My Sweet Pepper Land est multi genre. Mais c'est avant tout un film profondément humain, qui touche au coeur et qui pose surtout question. Dans un Kurdistan libéré du joug de Saddam Hussein, un petit état tente de se construire et d'avancer. Une jeune démocratie qui balbutie et dont la tâche pour évoluer semble colossale.
Saleem propose constamment un regard sur le passé et sur l'avenir. Une oeuvre qui touche par ses nombreux sujets abordés où deux jeunes personnes tentent de vivre, coincés entre une volonté de modernisme et respect des traditions.
La place de la femme au sein de ce jeune Kurdistan est évoquée. Mais pas seulement, c'est l'ensemble de la société qui est étudiée à la loupe. Saleem y évoque les pressions sociales que les hommes doivent subir via Baran, notre héros. Celui-ci fuit une mère qui cherche à le marier à tout prix. La relation entre l'homme et la femme suscite les plus grandes controverses au sein d'un village vivant justement dans cette tradition.

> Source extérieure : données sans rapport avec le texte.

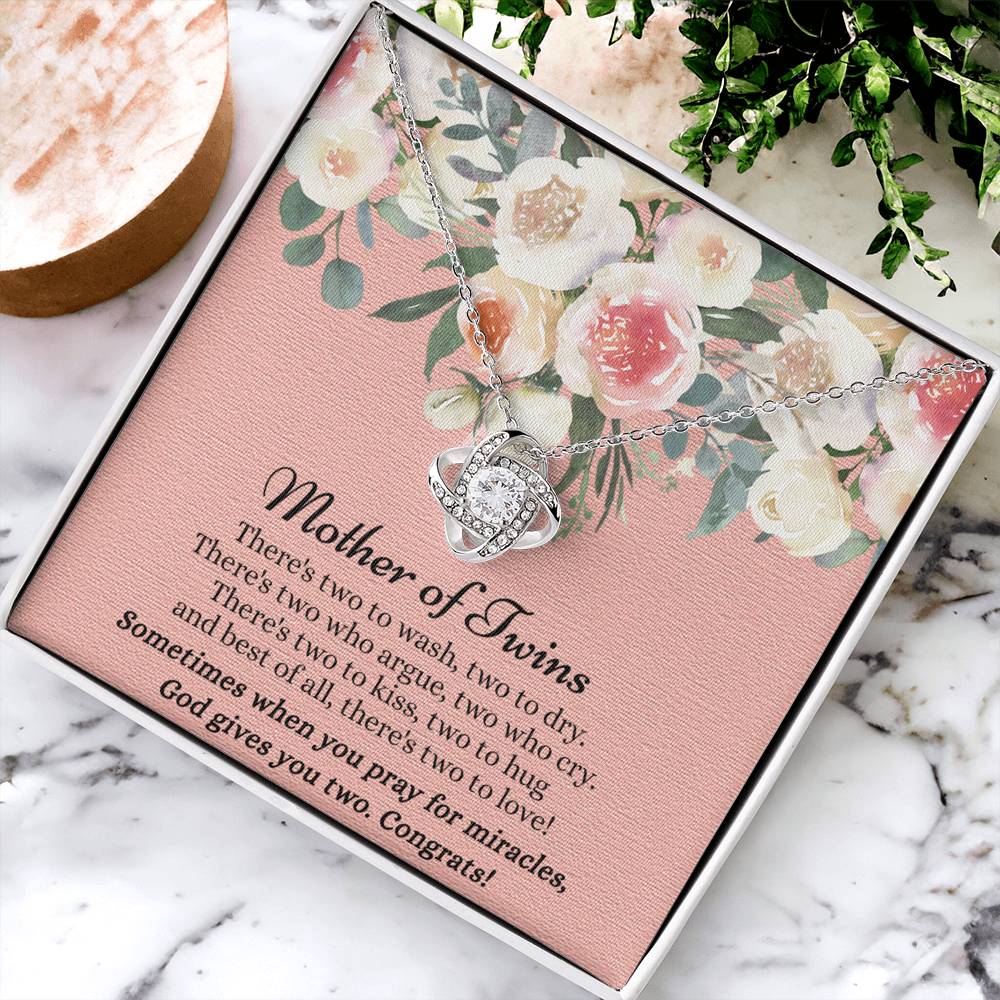 Mom Of Twins Necklace, Jewelry Gift For Mother Of Twins Love Knot Necklace, Parents of Twins, Gift Necklace For New Mom of Twins, Birthday Gift For Mom of Twins Necklace, New Mom Gift Necklace Love Knot Necklace 6323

Il n'y a surtout aucun jugement moral de la part de Saleem. Il n'hésite pas à utiliser l'humour même s'il ne le fait pas toujours avec brio pour raconter son sujet. Le film est aussi une réelle invitation au voyage, véritable découverte d'un monde qui nous est à la fois l'opposé de notre mode de vie, mais aussi qui nous rapproche par les différents traits de caractère des personnages.

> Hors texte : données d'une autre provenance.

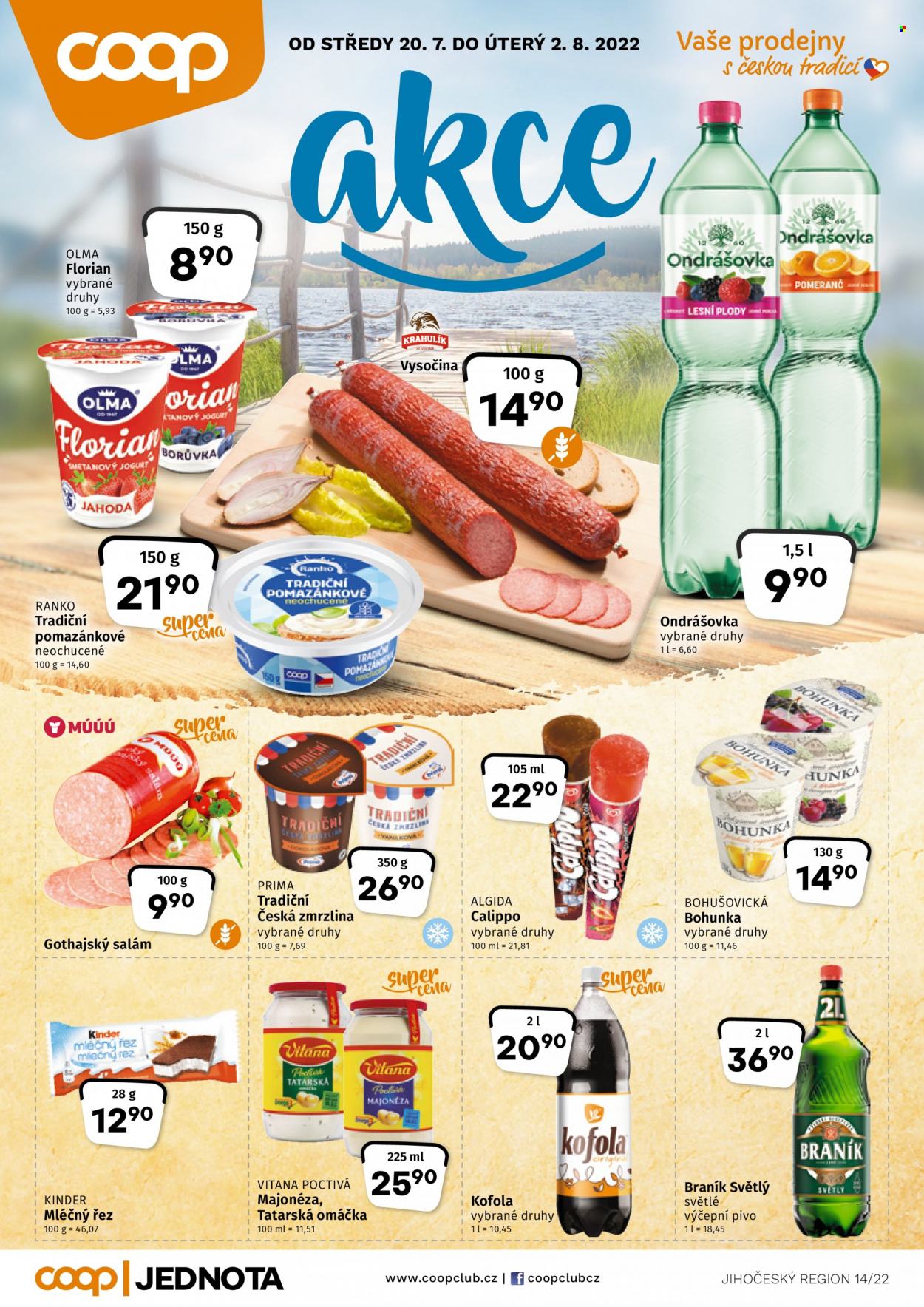 Leták coop JEDNOTA - 20.7.2022 - 2.8.2022. Strana 1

Saleem propose un eastern extrêmement intéressant et intelligent, servi par une photographie à couper le souffle, de superbes plans et des moments de contemplation distillés comme il se doit. Le cinéaste offre un film presque parfait de ces contrées sauvages et loin de la modernité du Kurdistan. Un voyage dont on ne ressort pas indemne.